Both magazines failed for the same reason: there are simply not enough “general sports” fans in the UK to sustain a general sports title. This is not the same in the USA, where almost every sports fan is a general sports fan. Britons and Americans consume sports in very different ways.

To illustrate: the American sports fan follows a baseball team, a football team, a basketball team and probably an ice hockey team. This gives him lots to cheer about, all year round. He supersizes his intake by following NCAA teams in all four sports too, so there’s something to watch on telly every single night. Because of the franchise model adopted by most American sports, there’s no promotion or relegation, so he can do this for ever. His interests are well catered for by Sports Illustrated, which knows this market well. 

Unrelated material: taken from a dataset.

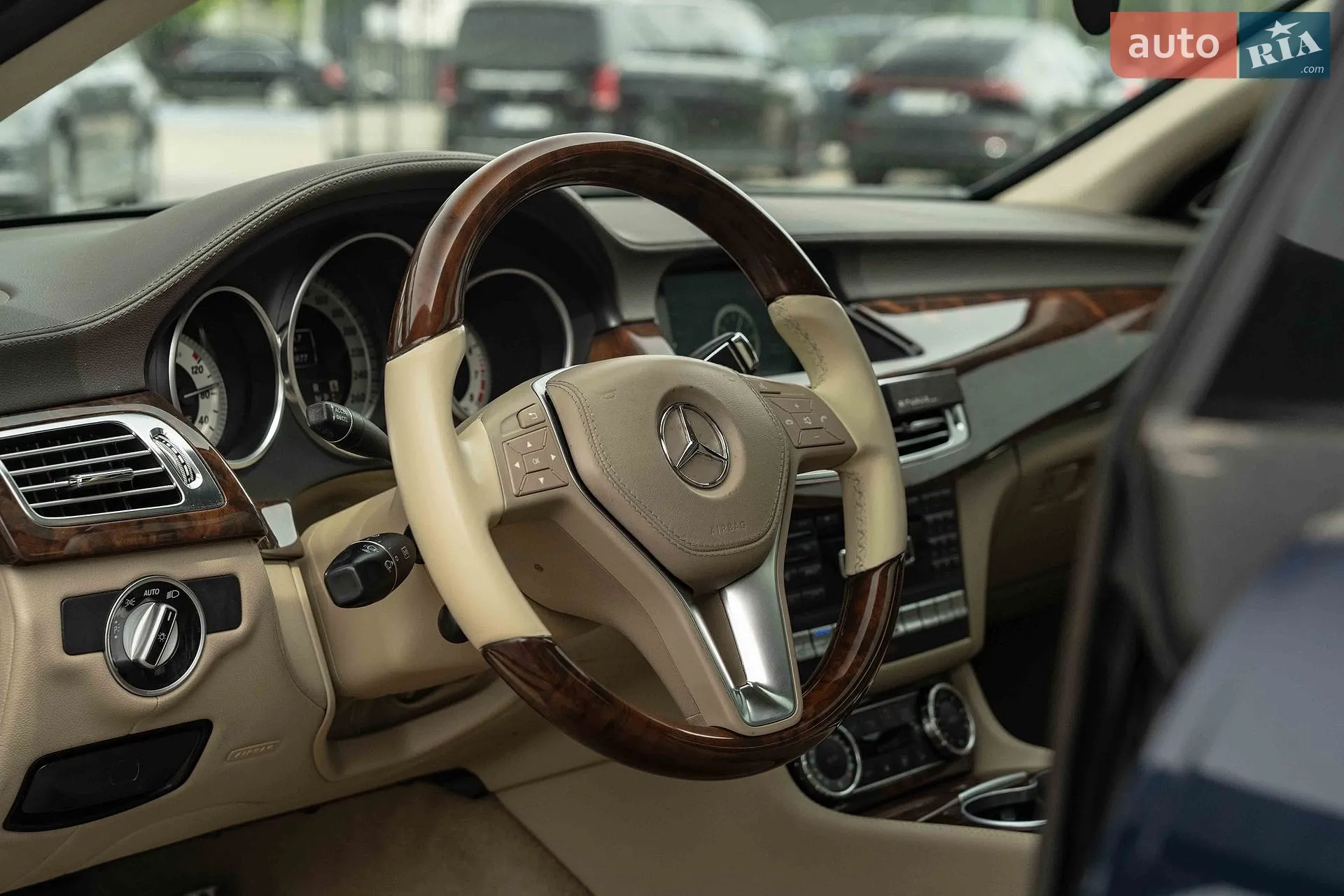 2012 Mercedes-Benz CLS-klasse - мініатюра 25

Contrast this with the UK sports fan. While many of us are perfectly able to observe multiple sports, we generally reserve our passions for only one. We are football fans, or rugby fans, or cricket fans and respectfully observe the breaks between seasons as a rest period in which we allow our enthusiasm to recuperate. To try to address such a collection of individual (and, socio-demographically speaking, quite different) audiences with a single general sports title, is a challenge that so far has proved insurmountable.

Sport in the UK does not unite us; it divides and defines us. It’s unfortunate for Sport magazine, but I wouldn’t have it any other way.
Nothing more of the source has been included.